● Source data:
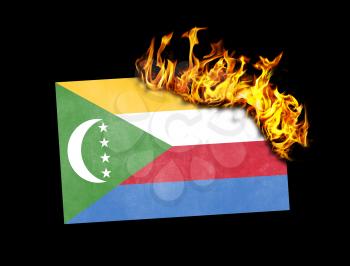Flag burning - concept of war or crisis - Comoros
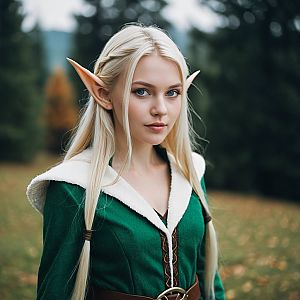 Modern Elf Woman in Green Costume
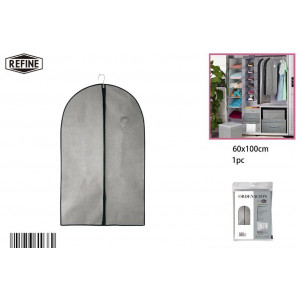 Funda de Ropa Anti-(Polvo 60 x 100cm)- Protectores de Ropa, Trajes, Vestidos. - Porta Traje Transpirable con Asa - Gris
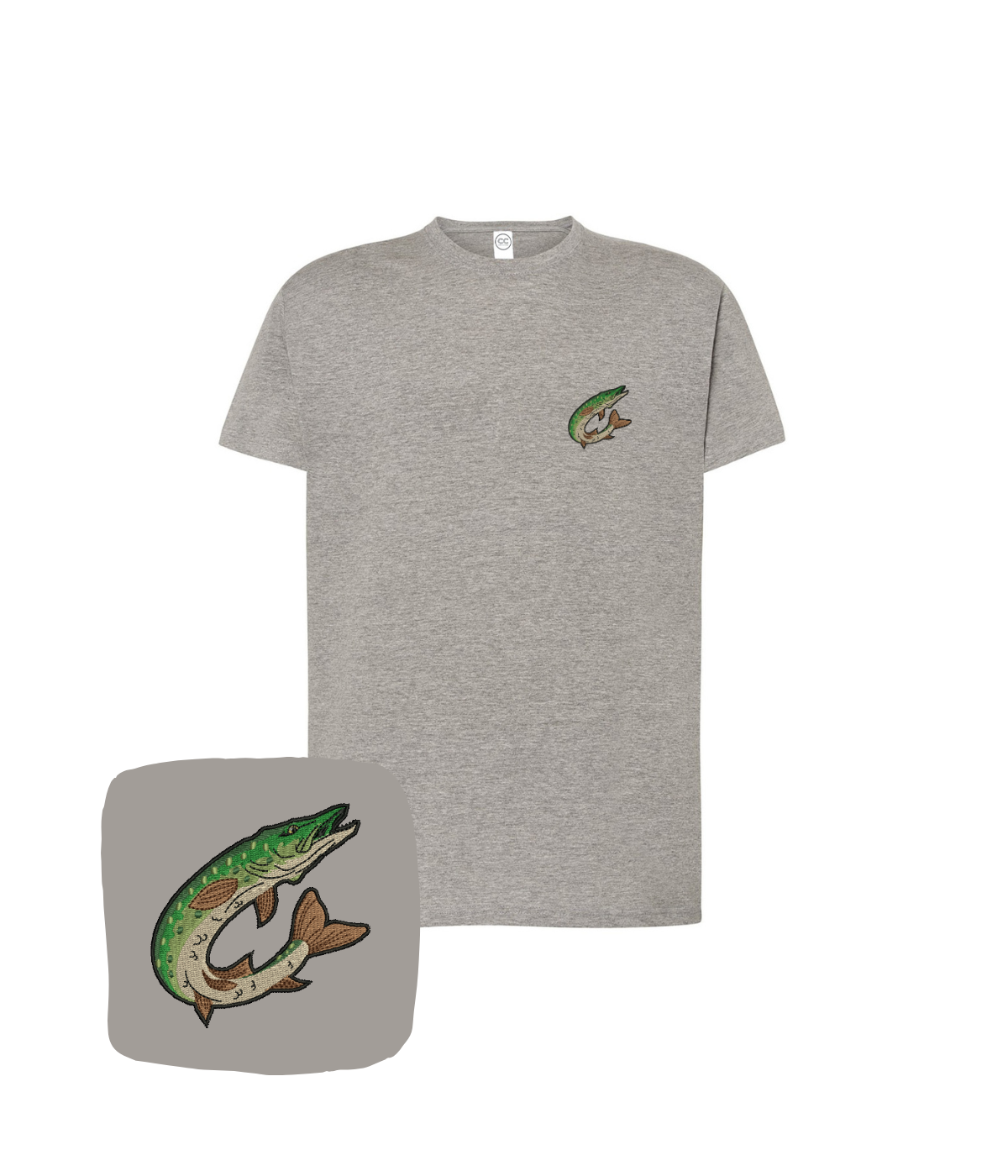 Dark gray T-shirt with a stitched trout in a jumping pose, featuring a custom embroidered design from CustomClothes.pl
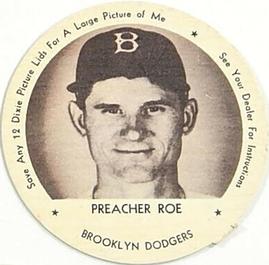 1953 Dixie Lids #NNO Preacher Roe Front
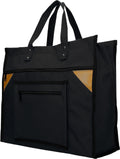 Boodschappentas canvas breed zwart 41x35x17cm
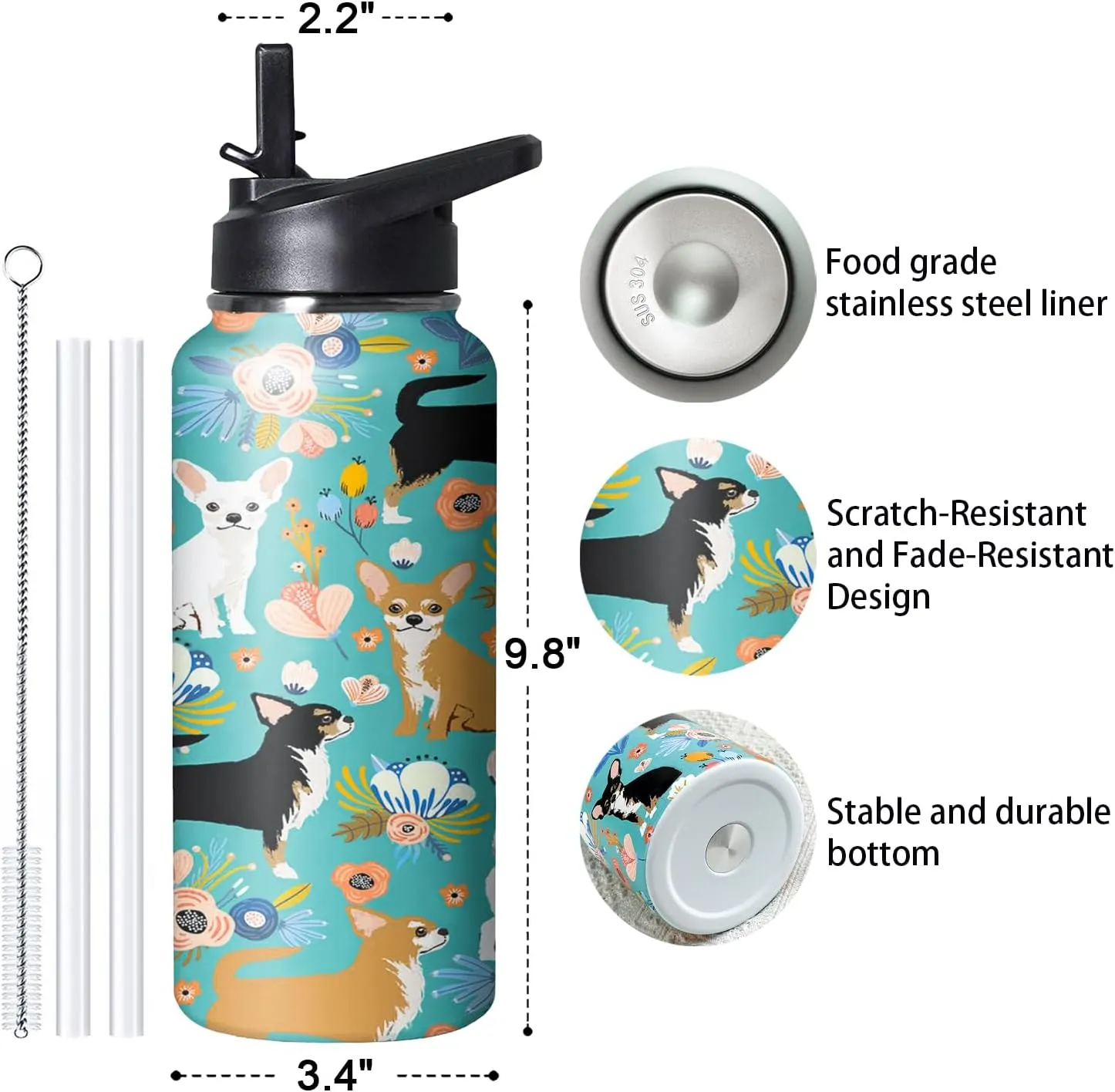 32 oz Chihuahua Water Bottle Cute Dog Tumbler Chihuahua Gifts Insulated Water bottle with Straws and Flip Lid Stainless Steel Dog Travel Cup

==

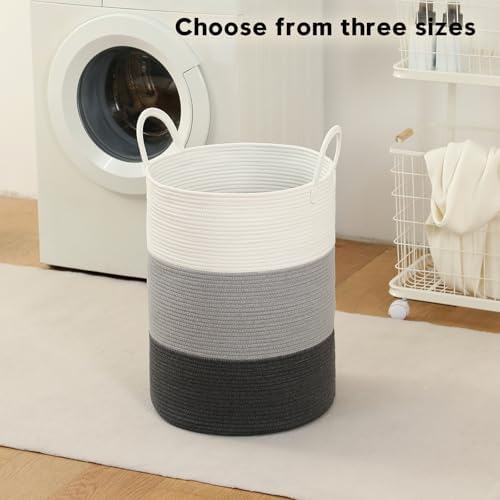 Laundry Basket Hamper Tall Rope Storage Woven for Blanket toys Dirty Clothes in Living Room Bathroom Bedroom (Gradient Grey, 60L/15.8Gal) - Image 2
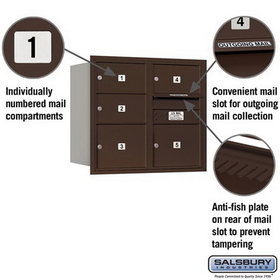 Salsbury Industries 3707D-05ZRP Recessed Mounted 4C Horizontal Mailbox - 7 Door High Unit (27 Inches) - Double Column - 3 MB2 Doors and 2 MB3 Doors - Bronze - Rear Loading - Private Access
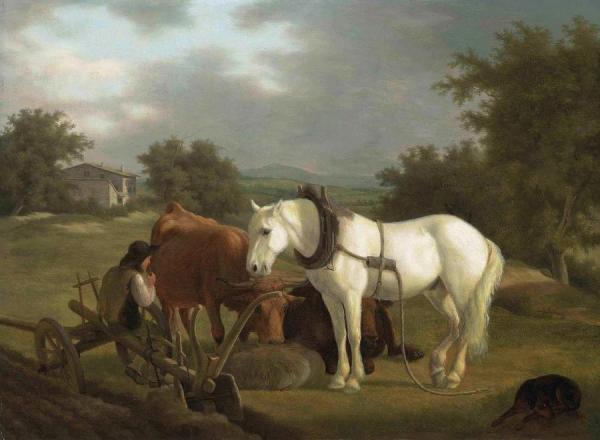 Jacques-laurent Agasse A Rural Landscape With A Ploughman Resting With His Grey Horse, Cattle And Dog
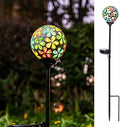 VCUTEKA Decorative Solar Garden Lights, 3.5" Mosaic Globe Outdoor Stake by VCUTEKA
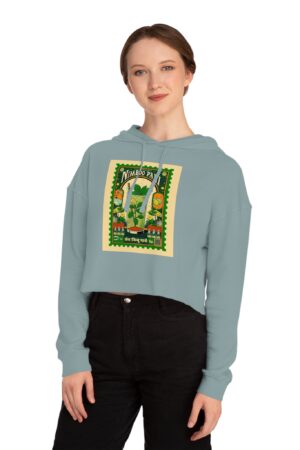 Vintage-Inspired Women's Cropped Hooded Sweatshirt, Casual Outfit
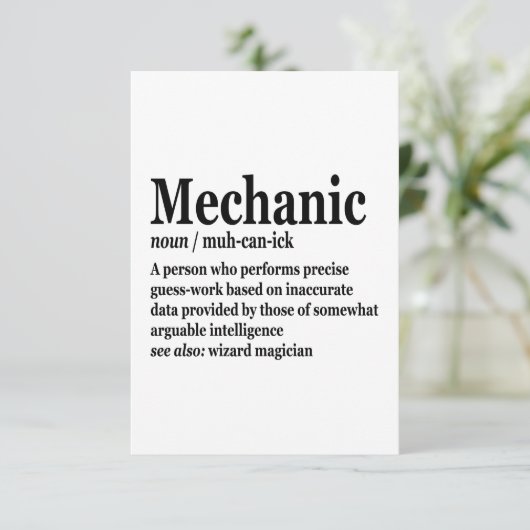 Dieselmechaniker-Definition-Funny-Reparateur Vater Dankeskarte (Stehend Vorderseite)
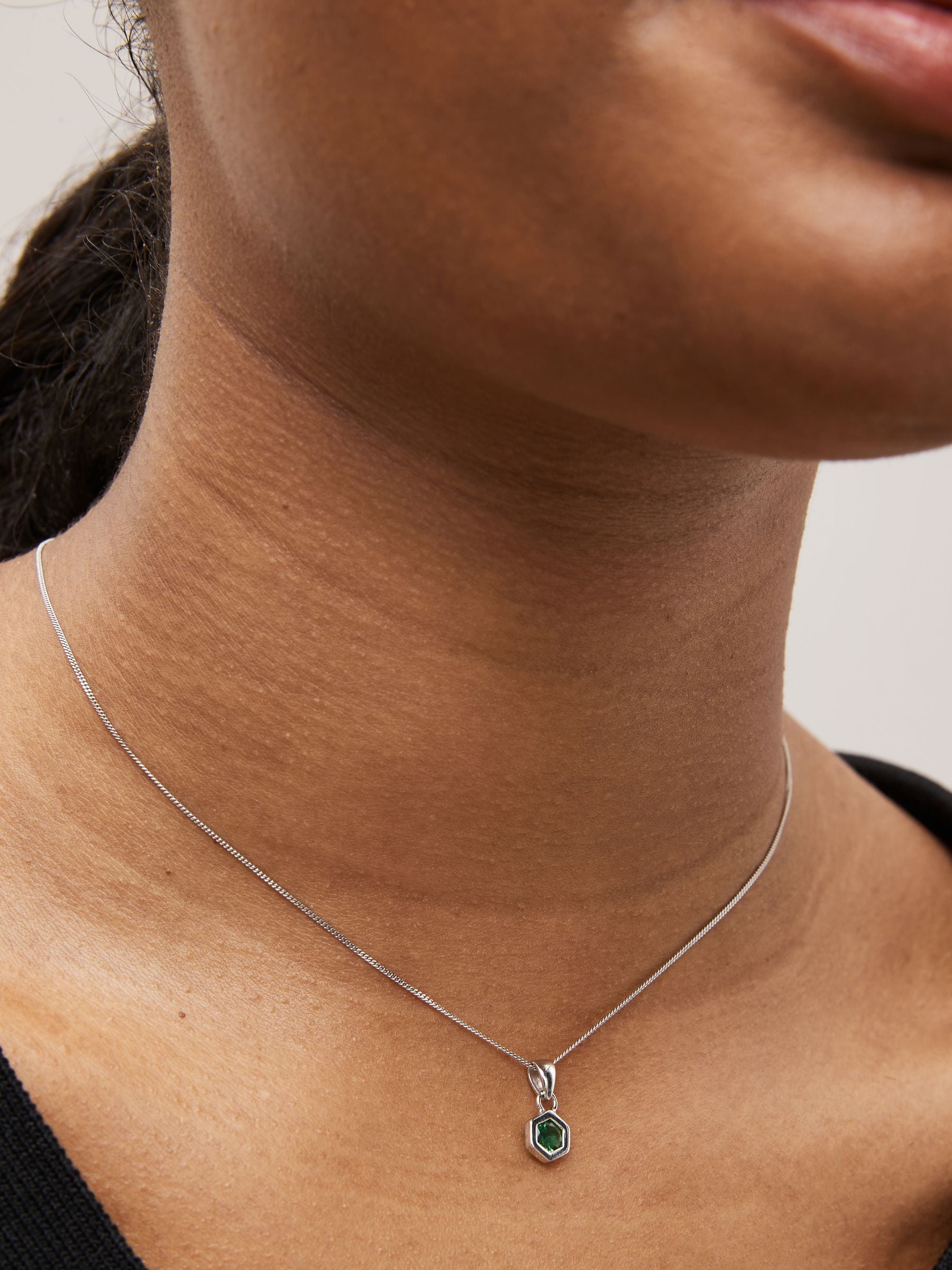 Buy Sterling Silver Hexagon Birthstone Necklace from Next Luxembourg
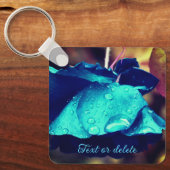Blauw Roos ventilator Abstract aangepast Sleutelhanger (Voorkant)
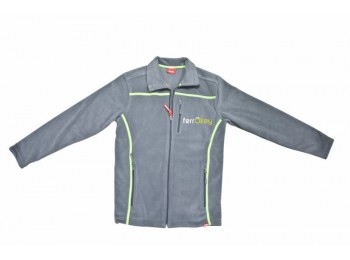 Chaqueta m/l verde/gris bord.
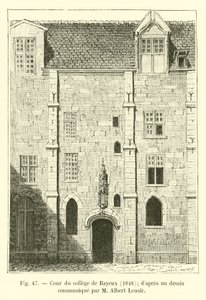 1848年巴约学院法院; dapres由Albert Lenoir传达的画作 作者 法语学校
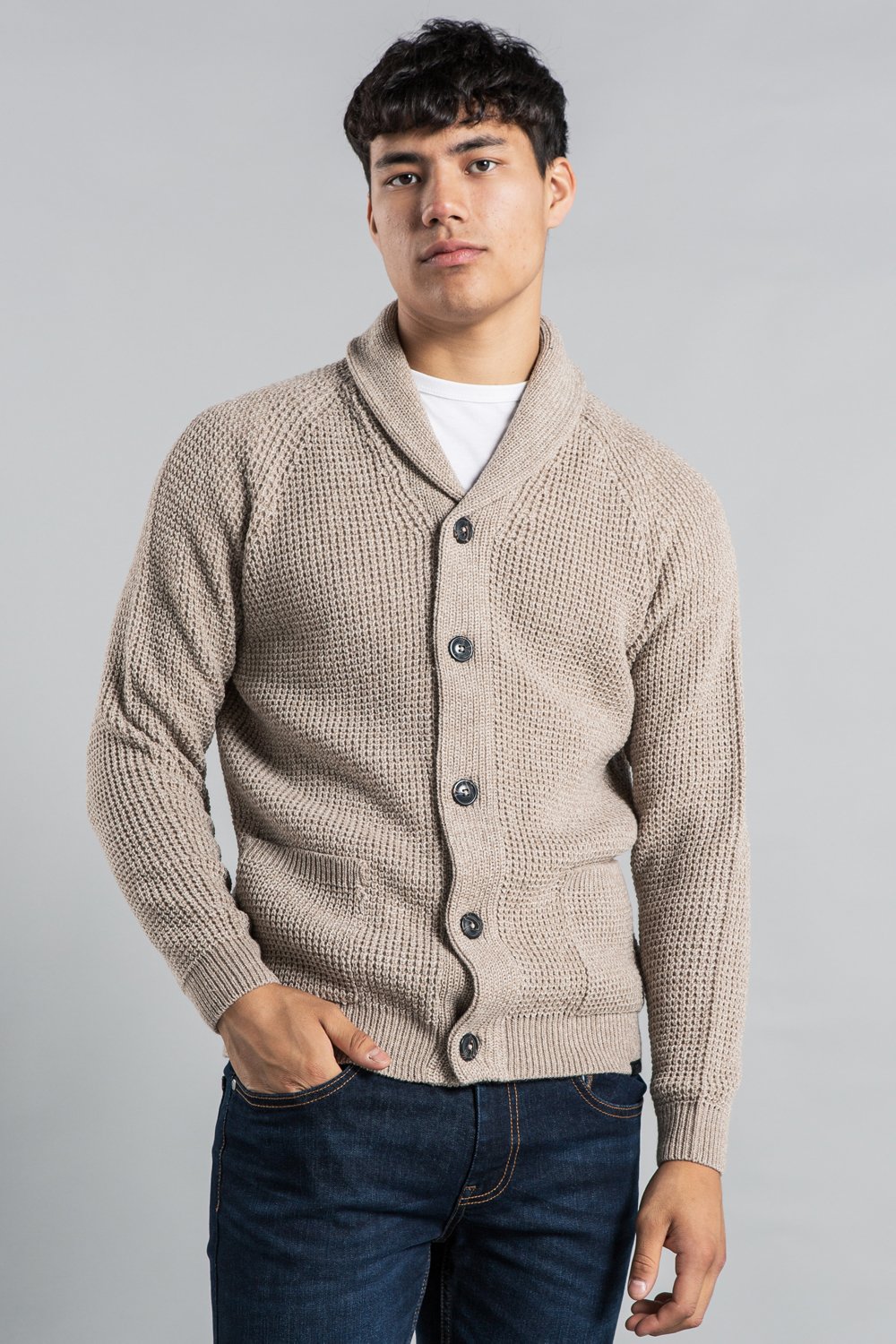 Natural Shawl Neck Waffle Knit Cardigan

● Your goal:
Both boundary lines included, write out word for word only the lines above from the one containing "Laundry Basket Hamper" to the one containing "Natural Shawl Neck Waffle Knit Cardigan", leaving out any pictures.

● Response to this exercise:
 Laundry Basket Hamper Tall Rope Storage Woven for Blanket toys Dirty Clothes in Living Room Bathroom Bedroom (Gradient Grey, 60L/15.8Gal) - Image 2
 Salsbury Industries 3707D-05ZRP Recessed Mounted 4C Horizontal Mailbox - 7 Door High Unit (27 Inches) - Double Column - 3 MB2 Doors and 2 MB3 Doors - Bronze - Rear Loading - Private Access
 Jacques-laurent Agasse A Rural Landscape With A Ploughman Resting With His Grey Horse, Cattle And Dog
 VCUTEKA Decorative Solar Garden Lights, 3.5" Mosaic Globe Outdoor Stake by VCUTEKA
 Vintage-Inspired Women's Cropped Hooded Sweatshirt, Casual Outfit
 Dieselmechaniker-Definition-Funny-Reparateur Vater Dankeskarte (Stehend Vorderseite)
 Buy Sterling Silver Hexagon Birthstone Necklace from Next Luxembourg
Blauw Roos ventilator Abstract aangepast Sleutelhanger (Voorkant)
 Chaqueta m/l verde/gris bord.
 1848年巴约学院法院; dapres由Albert Lenoir传达的画作 作者 法语学校
 Natural Shawl Neck Waffle Knit Cardigan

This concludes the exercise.